Though the capture of Cameron and his fort thus took place, and the
event was speedily followed by the reinstatement of the trader on his
promise to keep the peace, yet the report of the seizure led to the
greatest irritation in all parts of the country where the two Companies
had posts. All through the winter, threatenings of violence filled the
air. The Bois Brûlés were arrogant, and, led by their faithful leader,
Cuthbert Grant, looked upon themselves as the "New Nation."

Returning, after the New Year of 1816, from Fort Daer, Governor Semple
saw the necessity for aggressive action. Fort Gibraltar was to become
the rendezvous for a Bois Brûlés force of extermination from
Qu'Appelle, Fort des Prairies (Portage la Prairie), and even from the
Saskatchewan. To prevent this, Colin Robertson, under the Governor's
direction, recaptured Fort Gibraltar and held Cameron as a prisoner.
This event took place in March or April of 1816. The legality of this
seizure was of course much discussed between the hostile parties.

It was deemed wise, however, to make a safe disposal of the prisoner
Cameron. He was accordingly dispatched under the care of Colin
Robertson, by way of Jack River, to York Factory, to stand his trial
in England. Thus were reprisals made for the capture and removal of
Miles Macdonell in the preceding year, both actions being of doubtful
legality. On account of the failure of the Hudson's Bay Company ship
to leave York Factory in that year, Cameron did not reach England for
seventeen months, where he was immediately released.
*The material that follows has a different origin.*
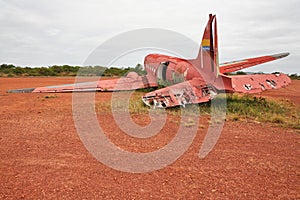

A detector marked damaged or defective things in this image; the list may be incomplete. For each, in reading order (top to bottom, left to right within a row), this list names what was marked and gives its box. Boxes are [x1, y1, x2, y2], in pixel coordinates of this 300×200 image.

The fall of Fort Gibraltar was soon to follow the deportation of its
commandant. The matter of the dismantling of Fort Gibraltar was much
discussed between Governor Semple and his lieutenant, Colin Robertson.
The latter was opposed to the proposed destruction of the Nor'-Wester
fort, knowing the excitement such a course would cause. However, after
the departure of Robertson to Hudson Bay in charge of Cameron, the
Governor carried out his purpose, and in the end of May, 1816, the
buildings were pulled down. A force of some thirty men were employed,
and, expecting as they did, a possible interruption from the West, the
work was done in a week or a little more.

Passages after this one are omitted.